Capstone- Week 2 Milestone Report

Introduction

This is a first milestone report for the data science capstone project. The goal of the project is to apply data science in the area of natural language processing(NLP). In this milestone, we download the required data and familiarize ourselves with the basics of basics of natural language processing. As part of this milestone, we perform some exploratory analysis of the data and report some statistics about the data.(For this milestone report, we have referred to “Guide to the ngram Package” )

library(ngram)
library(tm)

## Loading required package: NLP

library(tokenizers)
library(ggplot2)

## 
## Attaching package: 'ggplot2'

## The following object is masked from 'package:NLP':
## 
##     annotate

Get Data

Read the data from Blogs, tweets and news

con_blogs <- file("D:/D/Training/Coursera/Capstone/Data_To_be_Used/Coursera-SwiftKey/final/en_US/en_US.blogs.txt","r")
blogs<- readLines(con_blogs)
close(con_blogs)

con_tweets <- file("D:/D/Training/Coursera/Capstone/Data_To_be_Used/Coursera-SwiftKey/final/en_US/en_US.twitter.txt","r")
tweets<- readLines(con_tweets)
close(con_tweets)

con_news <- file("D:/D/Training/Coursera/Capstone/Data_To_be_Used/Coursera-SwiftKey/final/en_US/en_US.news.txt","r")
news<- readLines(con_news)
close(con_news)

Since the data is huge, processing the entire data takes up a very long time. Hence for this project we just take some samples from the given data. We select each line of the file with a probabality of 0.1

sampledata <- function(filedata, percentage)
{
  return(filedata[as.logical(rbinom(length(filedata),1,percentage))])
}

percentage <- 0.1

blogs   <- sampledata(blogs, percentage)
news   <- sampledata(news, percentage)
tweets   <- sampledata(tweets, percentage)

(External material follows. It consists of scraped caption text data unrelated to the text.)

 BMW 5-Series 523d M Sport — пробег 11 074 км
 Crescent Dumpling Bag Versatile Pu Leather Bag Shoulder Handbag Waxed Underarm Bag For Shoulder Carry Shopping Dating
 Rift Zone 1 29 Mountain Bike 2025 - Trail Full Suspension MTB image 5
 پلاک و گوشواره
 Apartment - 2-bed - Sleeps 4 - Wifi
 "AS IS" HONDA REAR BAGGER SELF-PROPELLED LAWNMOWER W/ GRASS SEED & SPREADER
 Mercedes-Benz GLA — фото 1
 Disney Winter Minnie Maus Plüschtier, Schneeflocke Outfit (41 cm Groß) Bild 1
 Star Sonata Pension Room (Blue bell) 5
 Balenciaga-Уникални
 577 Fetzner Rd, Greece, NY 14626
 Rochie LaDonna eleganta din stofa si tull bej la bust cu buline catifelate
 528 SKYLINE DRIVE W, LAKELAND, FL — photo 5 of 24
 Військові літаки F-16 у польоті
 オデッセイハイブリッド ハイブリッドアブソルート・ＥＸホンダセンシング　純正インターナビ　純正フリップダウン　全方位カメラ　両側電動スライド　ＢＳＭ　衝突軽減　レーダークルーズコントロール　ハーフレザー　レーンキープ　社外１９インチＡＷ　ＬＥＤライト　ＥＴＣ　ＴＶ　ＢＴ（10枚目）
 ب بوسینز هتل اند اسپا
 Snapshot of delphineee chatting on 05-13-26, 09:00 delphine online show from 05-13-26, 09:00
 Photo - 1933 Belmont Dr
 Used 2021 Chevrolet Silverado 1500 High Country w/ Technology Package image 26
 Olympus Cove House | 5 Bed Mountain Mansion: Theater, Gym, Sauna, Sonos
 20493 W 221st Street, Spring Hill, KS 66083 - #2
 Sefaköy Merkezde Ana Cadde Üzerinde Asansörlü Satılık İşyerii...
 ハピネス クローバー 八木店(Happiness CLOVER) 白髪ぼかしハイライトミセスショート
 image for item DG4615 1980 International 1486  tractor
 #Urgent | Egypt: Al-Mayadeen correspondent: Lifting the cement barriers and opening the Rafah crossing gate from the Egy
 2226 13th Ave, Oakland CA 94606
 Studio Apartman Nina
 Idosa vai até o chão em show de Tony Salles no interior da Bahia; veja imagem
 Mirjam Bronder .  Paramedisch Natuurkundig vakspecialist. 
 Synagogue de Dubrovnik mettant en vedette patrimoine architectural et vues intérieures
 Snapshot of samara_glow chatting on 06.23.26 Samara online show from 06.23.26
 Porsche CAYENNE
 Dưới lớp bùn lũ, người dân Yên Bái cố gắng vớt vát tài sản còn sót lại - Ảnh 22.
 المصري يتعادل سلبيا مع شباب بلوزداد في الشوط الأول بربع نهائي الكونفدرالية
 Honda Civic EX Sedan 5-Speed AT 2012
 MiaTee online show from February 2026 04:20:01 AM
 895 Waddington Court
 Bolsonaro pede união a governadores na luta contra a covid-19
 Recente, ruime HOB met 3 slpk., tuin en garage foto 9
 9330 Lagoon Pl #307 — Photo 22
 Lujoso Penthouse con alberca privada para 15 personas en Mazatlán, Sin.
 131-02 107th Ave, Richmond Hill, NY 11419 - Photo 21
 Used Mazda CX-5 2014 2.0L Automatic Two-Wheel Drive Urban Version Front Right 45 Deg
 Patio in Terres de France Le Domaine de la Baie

Next we create our corpus by combining the data from blogs, tweets and news

corpuslist <- c(blogs,tweets,news)
corpusData <- Corpus(VectorSource(list(corpuslist)))
summary(corpusData)

##   Length Class             Mode
## 1 2      PlainTextDocument list

Data Cleaning

The corpus has lot of words and characters that are not relevant for our analysis. Hence we remove these unwanted characters from the corpus

Remove extra whitespace

corpusData <- tm_map(corpusData, stripWhitespace)

Convert all letters to lower case

corpusData <- tm_map(corpusData, content_transformer(tolower))

Remove Punctuation

corpusData <- tm_map(corpusData,removePunctuation)

Remove numbers

corpusData <- tm_map(corpusData, removeNumbers)

Remove stopwords

corpusData <- tm_map(corpusData, removeWords, stopwords("english"))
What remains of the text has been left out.